Reading the recent posts by Fennelle Miller and Kevin Schwarz got me to look into the spatial data a bit more closely. One of the issues that seems to crop up again and again is cost and complexity.

GIS data is still difficult to share dynamically over the Web, but things are changing. GoogleEarth, Google Maps, Open Layers, etc. provide great tools on the client side for viewing and interacting with spatial data (not just points too, but also vector lines and polygons). GoogleEarth and Google Maps are proprietary, but they are available as free downloads or free APIs. They also work with an XML format (KML) that is pretty simple, enjoys a wide user-community and can work with non-Google developed tools.
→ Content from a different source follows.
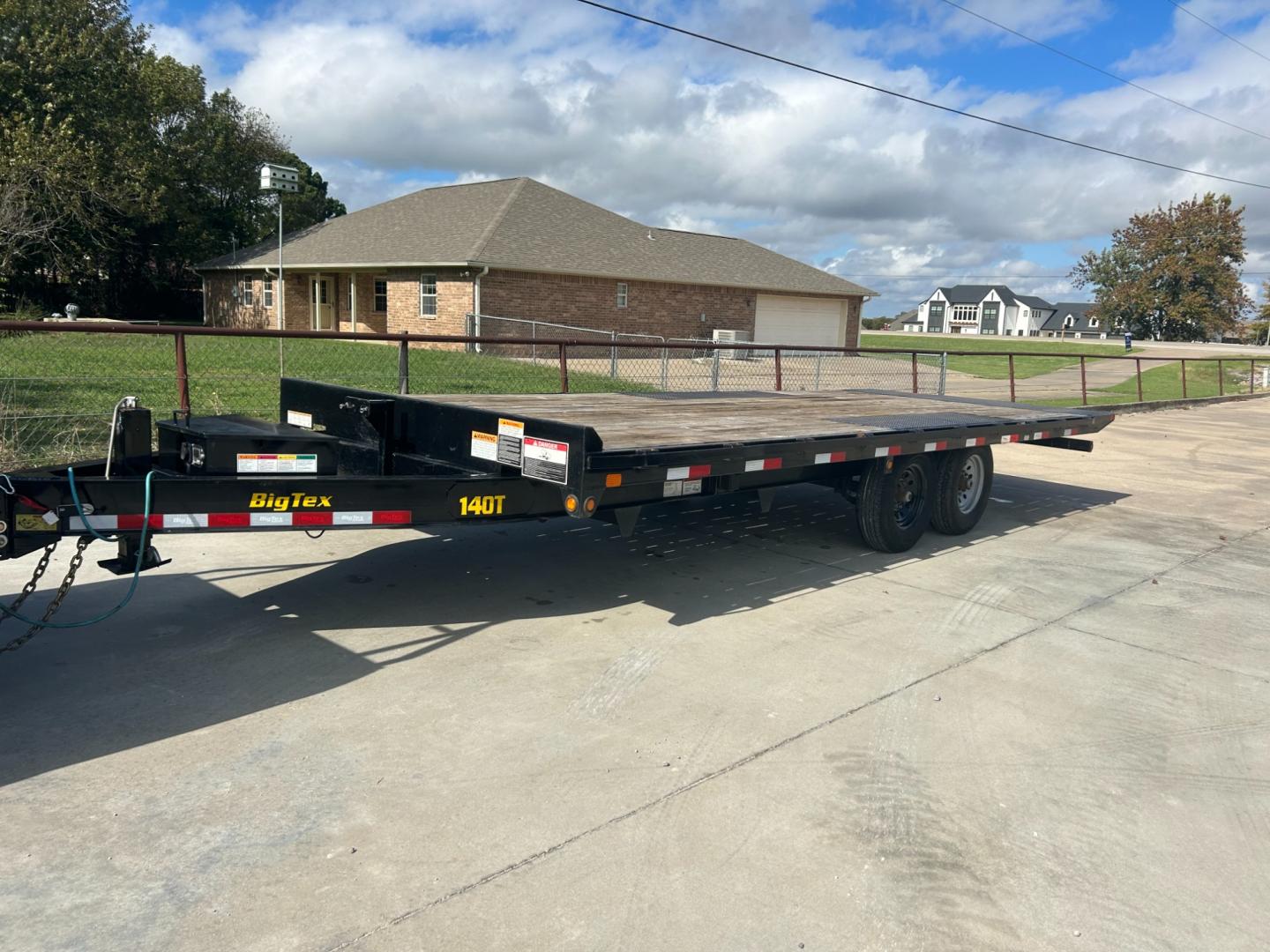 2022 Big Tex FLATBED (16V1F2821N2) , located at 17760 Hwy 62, Morris, OK, 74445, 35.609104, -95.877060 - THE BIG TEX 14OT IS 22X8FT LONG HEAVY-DUTY OVER-THE-AXEL TILT FLATBED TRAILER HAS A SCISSOR-STYLE HYDROLIC HOIST. OPTIMIZED FOR LOW-PROFILE EQUIPTMENT, THE 14OT HAS A KNIFE-EDGE AT THE REAR OF THE BED TO PROVIDE A SMOOTH TRANSISION FOR LOADING AND UNLOADING. GVWR 14000 ***TITLE IN HAND*** $10,9 - Photo#1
There are some tools for transforming the ubiquitous ESRI shape files into KML documents (the XML format used by Google’s applications for spatial data)(See this blog post at PerryGeo, see also the post’s comments). Here’s a link to some “how to” discussions on using PHP to read MapInfo (.mif) files to use with Google Maps. Here’s a link to an open source PHP class that reads ESRI shape files, the first step needed in converting them on a server to KML or other formats. The point of all this is that, with some development work, we can transform (to some degree at least) typical GIS data into formats work better on the Web.

Of course, GML (the community developed open standard) is a better choice for GIS data than KML. KML is needed for Google’s great and easy to use visualization tools, but GML is a much more robust standard for GIS data. GML also has the advantage of being an open, non-proprietary XML format. You’re not locked into any one software vendor and you have important data longevity advantages with GML. It should be noted that Open Layers (the open source equivalent of Google Maps) supports GML.

However, I’m not sure of the immediate need to go through all this effort. Sure it’s nice to have GIS data easily viewable on a web-browser or slick visualization tool like GoogleEarth. But the fundamentals of data access, longevity and discovery need to be in place first before we put lots of effort into online visualization.

Instead, we should look at some strategies to make our GIS data easier to find and maintain. And we need to approach the issue pragmatically, since overly complex or elaborate requirements will mean little community uptake. Perhaps we can look at ways of registering GIS datasets (ideally stored in GML) in online directories with some simple metadata (“information about information”). A dataset’s general location (say Lat / Lon point coordinates), some information about authorship, keywords, etc. and a stable link to download the full GIS dataset would be an excellent and simple start. Simple point data describing the general location of a project dataset will be enough to develop an easy map interface for users to find information about locations.

Such directories can be maintained by multiple organizations, and they can share/syndicate their content with tools such as GeoRSS feeds (RSS with geographic point data). It’s easy to develop aggregation services from such feed. You can also use something like Yahoo Pipes to process these feeds into KML formats for use in GoogleEarth! (We do that with Open Context, though it still needs some trouble shooting).

Also, Sean Gilles (with the Ancient World Mapping Center) is doing some fantastic work on “Mush” his project for processing of GeoRSS feeds. See this post and this post for details and exanples. Thus, simple tools like GeoRSS feeds we can contribute toward a low-cost distributed system that makes archaeological datasets much easier to find and discoverable with map-based interfaces and some types of spatial querying (such as buffers). This may be a good way to address some of Fennell Miller’s concerns about recovering and reusing all that hard-won geospatial data.

Of course, site security is an important issue, and finding ways of making our data as accessible as possible without endangering sites or sacred locations is important. I’m glad Kevin Schwarz raised the issue, and it’ll be very useful to learn more about how he and his colleagues are dealing with it.